How it speeds up “calculations” end-to-end
- The math is computed by our Python/TS backends; the LM is used to decide “what to compute.” Faster parsing → fewer back-and-forths → quicker CAS/plot calls → faster overall results.
How to enable
- Install and run LM Studio (or any OpenAI-compatible local server).
- Set `LM_BASE_URL` (e.g., `http://localhost:1234/v1`) and `DEFAULT_MODEL`.

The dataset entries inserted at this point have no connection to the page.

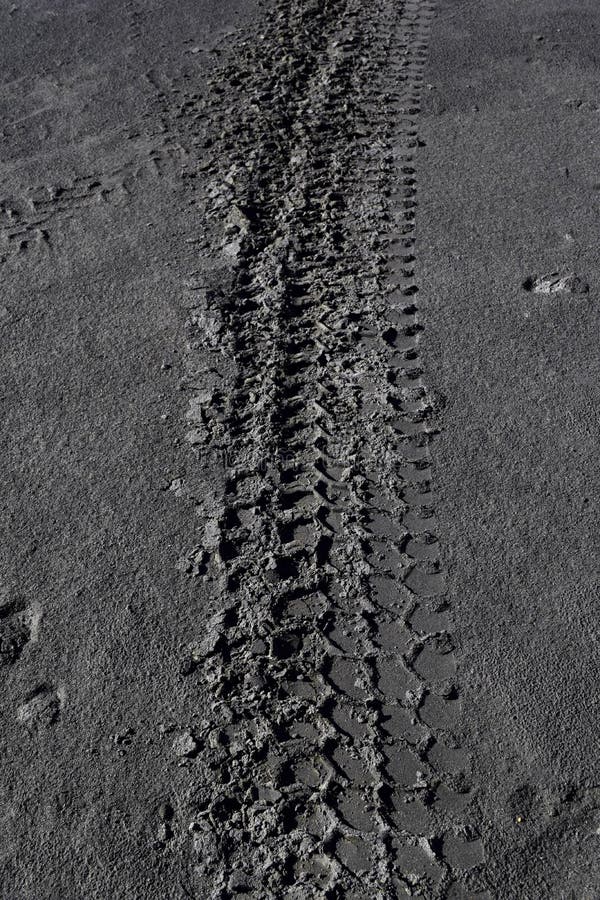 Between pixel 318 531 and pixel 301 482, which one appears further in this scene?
pixel 301 482

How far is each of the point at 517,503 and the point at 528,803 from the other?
3.64 ft

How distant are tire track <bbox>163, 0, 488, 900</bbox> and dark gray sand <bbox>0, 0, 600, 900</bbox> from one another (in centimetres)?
1

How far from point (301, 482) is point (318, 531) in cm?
24

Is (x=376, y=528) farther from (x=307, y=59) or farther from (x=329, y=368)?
(x=307, y=59)

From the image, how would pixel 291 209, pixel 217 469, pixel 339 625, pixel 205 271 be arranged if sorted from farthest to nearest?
pixel 291 209
pixel 205 271
pixel 217 469
pixel 339 625

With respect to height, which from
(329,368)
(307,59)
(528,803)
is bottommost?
(528,803)

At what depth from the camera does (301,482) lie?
11.1ft

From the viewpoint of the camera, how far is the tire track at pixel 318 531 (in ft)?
8.09

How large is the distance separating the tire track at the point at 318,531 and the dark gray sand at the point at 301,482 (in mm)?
Result: 12

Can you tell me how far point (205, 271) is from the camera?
436cm

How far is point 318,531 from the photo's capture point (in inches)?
126

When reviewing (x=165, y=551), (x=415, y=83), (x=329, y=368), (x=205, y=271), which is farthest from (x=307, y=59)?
(x=165, y=551)

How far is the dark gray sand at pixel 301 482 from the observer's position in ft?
8.19

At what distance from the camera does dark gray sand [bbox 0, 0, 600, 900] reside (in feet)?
8.19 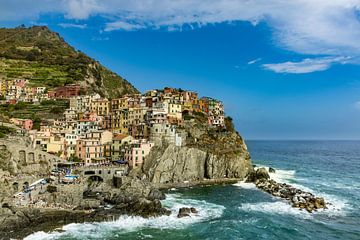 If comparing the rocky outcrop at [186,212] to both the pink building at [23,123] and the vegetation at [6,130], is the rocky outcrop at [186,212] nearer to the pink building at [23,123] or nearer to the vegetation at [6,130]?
the vegetation at [6,130]

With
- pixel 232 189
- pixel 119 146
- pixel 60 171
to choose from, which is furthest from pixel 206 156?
pixel 60 171

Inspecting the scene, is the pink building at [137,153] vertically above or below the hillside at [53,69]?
below

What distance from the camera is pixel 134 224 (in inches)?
1719

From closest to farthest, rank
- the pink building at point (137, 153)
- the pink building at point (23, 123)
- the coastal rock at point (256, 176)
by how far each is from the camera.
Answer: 1. the pink building at point (137, 153)
2. the coastal rock at point (256, 176)
3. the pink building at point (23, 123)

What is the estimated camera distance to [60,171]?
58.7m

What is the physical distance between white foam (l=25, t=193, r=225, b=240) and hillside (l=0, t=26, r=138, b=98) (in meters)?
79.3

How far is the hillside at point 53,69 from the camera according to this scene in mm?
121575

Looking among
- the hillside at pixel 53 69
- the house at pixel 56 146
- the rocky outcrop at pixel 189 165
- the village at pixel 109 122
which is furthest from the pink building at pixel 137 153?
the hillside at pixel 53 69

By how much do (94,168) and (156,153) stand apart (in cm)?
1301

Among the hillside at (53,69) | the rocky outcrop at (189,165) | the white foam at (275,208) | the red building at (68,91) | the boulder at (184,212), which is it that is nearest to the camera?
the boulder at (184,212)

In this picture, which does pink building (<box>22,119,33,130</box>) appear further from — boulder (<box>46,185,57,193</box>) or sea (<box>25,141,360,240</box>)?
sea (<box>25,141,360,240</box>)

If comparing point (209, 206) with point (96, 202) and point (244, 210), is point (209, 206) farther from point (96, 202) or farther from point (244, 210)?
point (96, 202)

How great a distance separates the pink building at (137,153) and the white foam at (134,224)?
678 inches

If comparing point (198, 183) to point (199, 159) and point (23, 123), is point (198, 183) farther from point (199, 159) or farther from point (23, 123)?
point (23, 123) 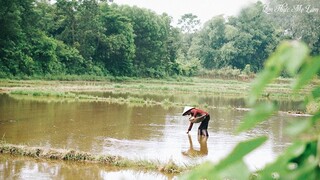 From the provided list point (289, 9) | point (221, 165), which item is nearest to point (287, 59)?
point (221, 165)

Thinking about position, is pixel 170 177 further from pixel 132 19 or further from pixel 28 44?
pixel 132 19

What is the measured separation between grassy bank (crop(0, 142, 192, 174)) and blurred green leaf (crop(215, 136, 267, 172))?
20.6 feet

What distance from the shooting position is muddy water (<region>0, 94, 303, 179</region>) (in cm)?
687

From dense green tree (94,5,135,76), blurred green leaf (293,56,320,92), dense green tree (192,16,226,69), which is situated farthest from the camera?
dense green tree (192,16,226,69)

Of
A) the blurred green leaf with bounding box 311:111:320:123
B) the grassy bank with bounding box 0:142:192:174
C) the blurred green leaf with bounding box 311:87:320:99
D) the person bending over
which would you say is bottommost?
the grassy bank with bounding box 0:142:192:174

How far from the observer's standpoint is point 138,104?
17.4m

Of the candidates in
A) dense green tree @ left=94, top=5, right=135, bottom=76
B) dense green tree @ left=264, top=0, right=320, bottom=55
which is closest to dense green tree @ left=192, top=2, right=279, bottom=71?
dense green tree @ left=264, top=0, right=320, bottom=55

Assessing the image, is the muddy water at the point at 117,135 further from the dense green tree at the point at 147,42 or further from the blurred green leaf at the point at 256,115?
the dense green tree at the point at 147,42

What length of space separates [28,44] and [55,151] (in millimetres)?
23161

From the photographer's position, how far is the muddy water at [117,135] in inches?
271

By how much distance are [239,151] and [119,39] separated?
35.6 m

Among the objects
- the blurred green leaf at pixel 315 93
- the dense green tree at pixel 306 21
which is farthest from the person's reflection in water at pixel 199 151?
the dense green tree at pixel 306 21

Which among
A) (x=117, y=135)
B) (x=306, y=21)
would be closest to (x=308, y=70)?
(x=117, y=135)

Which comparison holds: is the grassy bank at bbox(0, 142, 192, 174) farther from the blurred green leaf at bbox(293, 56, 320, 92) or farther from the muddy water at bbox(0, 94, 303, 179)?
the blurred green leaf at bbox(293, 56, 320, 92) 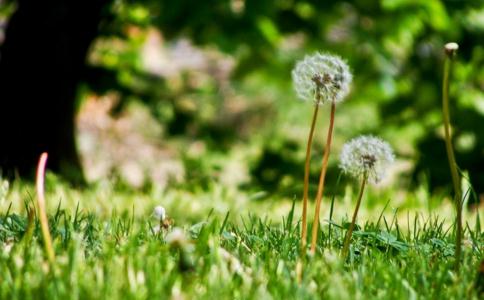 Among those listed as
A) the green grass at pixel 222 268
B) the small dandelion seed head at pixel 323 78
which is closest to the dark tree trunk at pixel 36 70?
the green grass at pixel 222 268

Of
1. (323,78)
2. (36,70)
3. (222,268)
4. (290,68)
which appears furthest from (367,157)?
(290,68)

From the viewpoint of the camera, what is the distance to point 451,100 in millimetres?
5789

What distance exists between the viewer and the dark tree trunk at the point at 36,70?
15.9 feet

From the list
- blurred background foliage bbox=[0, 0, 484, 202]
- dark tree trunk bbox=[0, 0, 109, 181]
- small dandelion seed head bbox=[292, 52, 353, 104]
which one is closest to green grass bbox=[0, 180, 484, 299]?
small dandelion seed head bbox=[292, 52, 353, 104]

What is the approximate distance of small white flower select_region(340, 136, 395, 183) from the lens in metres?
1.64

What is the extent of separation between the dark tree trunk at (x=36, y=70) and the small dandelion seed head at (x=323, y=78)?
3361 mm

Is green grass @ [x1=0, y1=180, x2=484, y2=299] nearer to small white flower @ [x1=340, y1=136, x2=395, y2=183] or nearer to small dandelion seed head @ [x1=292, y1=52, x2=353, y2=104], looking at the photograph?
small white flower @ [x1=340, y1=136, x2=395, y2=183]

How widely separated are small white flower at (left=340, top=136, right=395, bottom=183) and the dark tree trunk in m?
3.39

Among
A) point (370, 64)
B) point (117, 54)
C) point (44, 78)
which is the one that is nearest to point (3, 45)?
point (44, 78)

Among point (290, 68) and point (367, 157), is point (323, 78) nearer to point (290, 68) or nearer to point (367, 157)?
point (367, 157)

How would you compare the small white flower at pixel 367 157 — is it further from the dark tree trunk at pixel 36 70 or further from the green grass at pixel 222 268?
the dark tree trunk at pixel 36 70

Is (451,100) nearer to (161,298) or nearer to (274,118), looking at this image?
(161,298)

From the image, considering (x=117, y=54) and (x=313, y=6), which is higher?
(x=313, y=6)

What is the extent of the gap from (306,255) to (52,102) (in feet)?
12.3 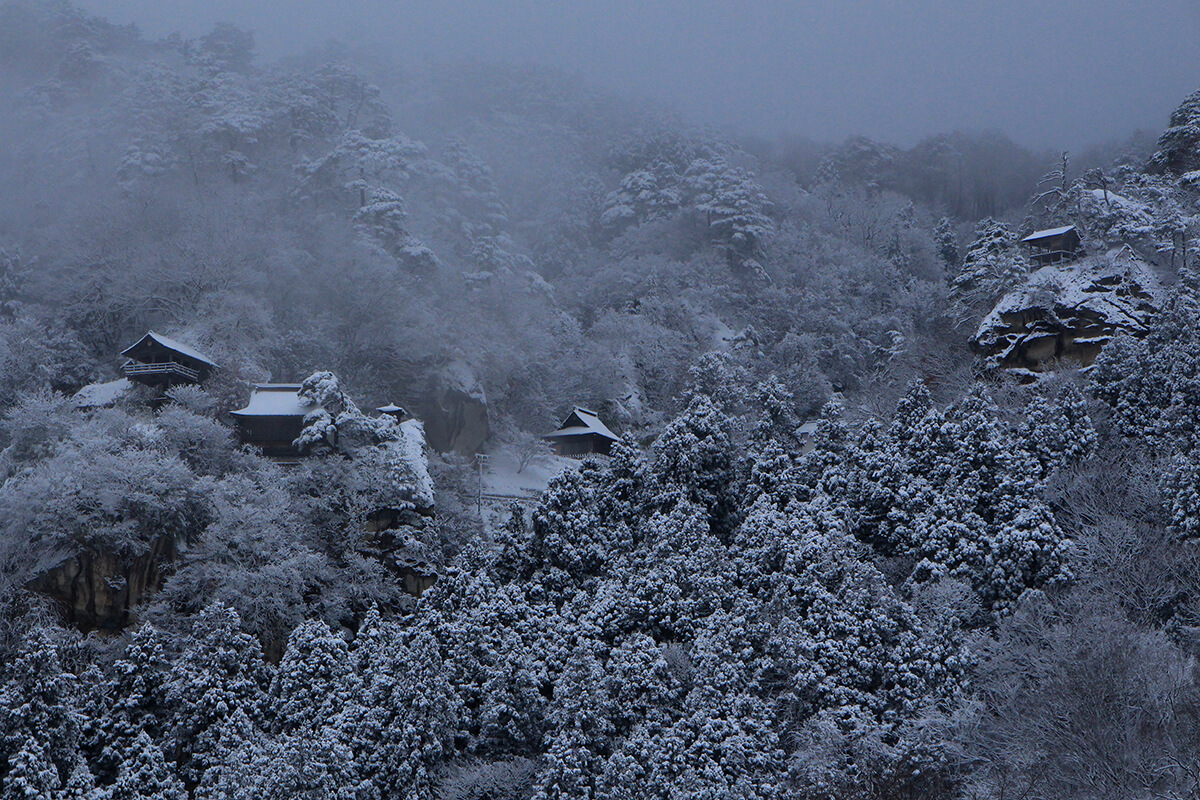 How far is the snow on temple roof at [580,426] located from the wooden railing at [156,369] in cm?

- Optionally set `LM_API_KEY` if your local server requires it.
### Example Usage
```json
// Differentiate an expression
{
"jsonrpc": "2.0",
"id": "1",
"method": "cas_diff",
"params": { "expr": "sin(x**2)", "symbol": "x" }
}
// Evaluate with units
{
"jsonrpc": "2.0",
"id": "2",
"method": "cas_evaluate",
"params": {
"expr": "(1/2)*m*v**2",
"vars": { "m": {"value": 1.0, "unit": "kg"}, "v": {"value": 3.0, "unit": "m/s"} }
}
}
// Plot a function
{
"jsonrpc": "2.0",
"id": "3",
"method": "plot_function_2d",
"params": { "f": "sin(x)", "x_min": 0, "x_max": 6.28318, "dpi": 160 }
}
// Natural language parsing
{
"jsonrpc": "2.0",
"id": "4",
"method": "nli_parse",
"params": { "text": "Solve y'' + y = 0 with y(0)=0 and y'(0)=1" }
}
```
## Development
### Building
```bash
pnpm build
```
### Linting & Formatting
```bash
pnpm lint
pnpm format
```
### Testing
```bash
pnpm test
pnpm run test:install
```
## Documentation
- Docs index: `docs/README.md`
- Architecture: `docs/Architecture.md`
- Configuration: `docs/Configuration.md`
- Tools:
- CAS: `docs/Tools/CAS.md`
- Plot: `docs/Tools/Plot.md`
- NLI: `docs/Tools/NLI.md`
- Report: `docs/Tools/Report.md`
- Tensor: `docs/Tools/Tensor.md`
- Quantum: `docs/Tools/Quantum.md`
- StatMech: `docs/Tools/StatMech.md`
- Examples: `examples/requests/`
Side note: We conserve clarity and momentum—any dispersion is purely numerical.
## Roadmap
Phase 2+: tensor calculus (sympy.diffgeom), quantum ops (qutip), 3D rendering, PDE/FEM, scientific data I/O, LaTeX/PDF reporting.
## License
MIT License - see LICENSE file for details.